Photo Courtesy Of Second Home Lisbon.
As I write this, I’m sat in the coworking space Second Home in Lisbon, surrounded by runaways and digital nomads, and feel very at home. My 'coworkers' are the perfect advertisement for a more nomadic life. Helene, who is sat next to me, works in fashion, has a 5-year-old and moved here from Paris. Seth, sat opposite, is Peruvian and has just come back from a morning surf. Flexible working is at the heart of renting a desk in a coworking space, which might explain why the parents I meet feel lighter – there is no one to apologise to when you have to leave at 4pm to pick up a toddler. Also because there are many people of different nationalities, it means there is no one dominant culture, no presumption of how you 'should' mum.

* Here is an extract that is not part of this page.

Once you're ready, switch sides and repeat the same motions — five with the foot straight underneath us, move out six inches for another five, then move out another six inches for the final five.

In Second Home I chat to Dutch, Portuguese and American mums – and I realise that seeking inspiration from how other people parent is vital for my parenting journey. The judgment that surrounds how we mum is relentless. Kirsty shared how some people have reacted since living on the road with her 3-year-old: "I’ve received comments on social media which weren't very nice or supportive and assumed we were doing it out of necessity or came from a rough background." When you become parents, and especially when you become a mum, there is an insidious play by society to slowly close the walls in on your life. It takes perseverance and a pretty thick skin to stay firm in your choices of how and where to parent.

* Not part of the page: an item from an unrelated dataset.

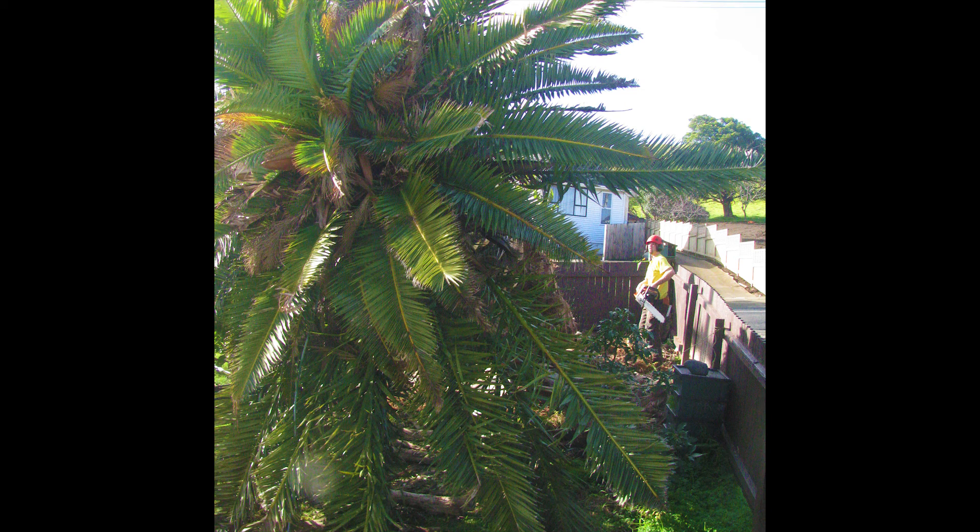Pull gently on the rope until the tree comes crashing down at your feet — you hope.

I have embraced a nomadic life but as my bobbed hair suggests, I have done it in the most conventional of ways. I have a desk space in London’s Second Home and they have spaces in Lisbon and are soon to open in LA; like many coworking spaces with desks in different continents – The Wing, Soho Works, WeWork – they are allowing transient workers to thrive. The ready-made community that comes with Second Home meant it only took two conversations to find a nanny for my son in Lisbon. I have a 3-year-old, I’d like another kid and I’m probably never going to settle down, so yes, a mum can be a digital nomad, you’ll just have to put up with snarky comments and have the answer to "Oh, where will you live then?" down word for word.